*** ENTRIES PROVIDED ***
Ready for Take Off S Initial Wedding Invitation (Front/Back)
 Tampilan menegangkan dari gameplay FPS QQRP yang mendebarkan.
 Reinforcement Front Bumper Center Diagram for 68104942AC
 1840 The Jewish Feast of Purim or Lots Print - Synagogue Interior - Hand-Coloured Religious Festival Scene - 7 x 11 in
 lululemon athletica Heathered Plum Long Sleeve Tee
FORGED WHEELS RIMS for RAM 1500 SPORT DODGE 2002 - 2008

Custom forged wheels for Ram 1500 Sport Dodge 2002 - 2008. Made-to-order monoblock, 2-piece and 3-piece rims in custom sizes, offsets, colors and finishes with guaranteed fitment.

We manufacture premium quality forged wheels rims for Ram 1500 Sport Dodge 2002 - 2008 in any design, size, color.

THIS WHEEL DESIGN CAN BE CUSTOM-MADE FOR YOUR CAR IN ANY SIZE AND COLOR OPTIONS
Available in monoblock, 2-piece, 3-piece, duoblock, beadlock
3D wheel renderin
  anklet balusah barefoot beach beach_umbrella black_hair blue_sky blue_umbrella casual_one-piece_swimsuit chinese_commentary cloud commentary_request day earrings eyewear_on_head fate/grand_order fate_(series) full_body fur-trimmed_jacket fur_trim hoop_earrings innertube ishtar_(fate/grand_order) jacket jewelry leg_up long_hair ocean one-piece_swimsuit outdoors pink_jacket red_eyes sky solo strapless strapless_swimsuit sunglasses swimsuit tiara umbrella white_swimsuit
*** End of ENTRIES PROVIDED ***
Repeat exactly, and only, the run of lines from the start of the material above through the line that holds "1840 The Jewish".

Ready for Take Off S Initial Wedding Invitation (Front/Back)
 Tampilan menegangkan dari gameplay FPS QQRP yang mendebarkan.
 Reinforcement Front Bumper Center Diagram for 68104942AC
 1840 The Jewish Feast of Purim or Lots Print - Synagogue Interior - Hand-Coloured Religious Festival Scene - 7 x 11 in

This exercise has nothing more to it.